Roles and birth order are important factors of social mobility in Ingary. Sophie, as the eldest daughter, lives her entire life under the social expectation of not finding a fortune or leading a life with excitement, and change is not possible. Like the magic system in Ingary, the reason behind these social roles is not discussed in the text but are accepted as true by the reader because of how strongly Sophie believes in them. Sophie’s dedication to her perceived future as an eldest daughter and “how little chance she had of an interesting future” (2) when she becomes Fanny’s apprentice at the hat shop is challenged by her two sisters taking initiative in their own lives. When Martha and Lettie switch places so Lettie, the middle sister, can pursue the best education traditionally reserved for the youngest and most fortunate daughter, traditional conceptions around birth order are questioned. This introduces a motif in the novel of character agency and access—essentially, characters pursuing the kind of life they want and what societal, educational, and professional accesses that life requires. It should be noted that the novel’s discussion of birth order, fortune, and educational access does not extend to men. This further supports the argument that the strictness surrounding social expectations of an eldest daughter exist most strongly in Sophie’s head.

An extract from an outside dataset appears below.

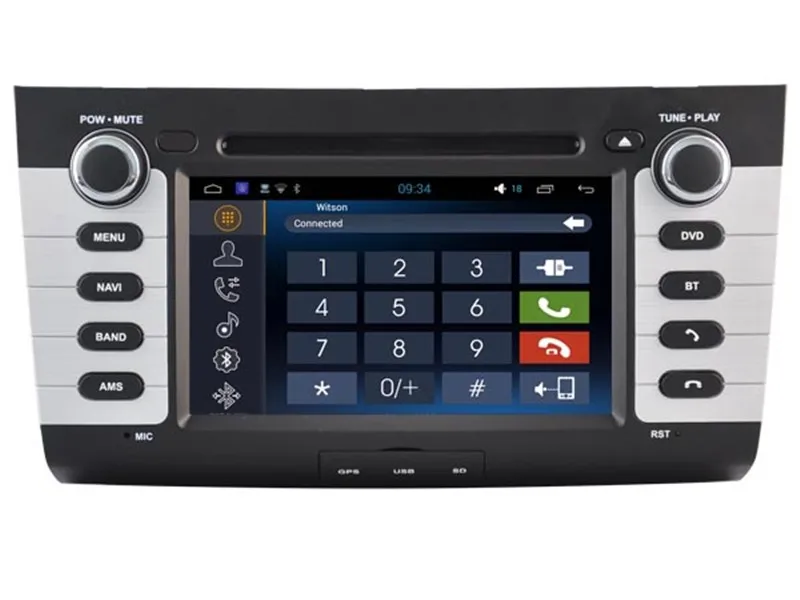 Best Android Car DVD Player GPS radio auto headunit 9.0 for SUZUKI SWIFT 2004-2010 octa 8 core 4g RAM 64g ROM navigation PX6 stereo 1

Martha and Lettie switching appearances likewise introduces the novel’s theme of Identity. They accept the need to physically look different to those around them to live the lives they want, and they do so, even though both pursue romantic relationships during their new apprenticeships. Appearance is then presented as something constantly under flux and unassociated with a person’s true sense of identity or personality. What does matter in Ingary and with magic, however, is what is permissible to say. Sophie cannot speak of her spell. Calcifer, likewise, cannot speak of the contract he is under. While appearances can be taken to be duplicitous, the words a person says weigh heavily on the social and magical interactions the characters of Howl’s Moving Castle experience.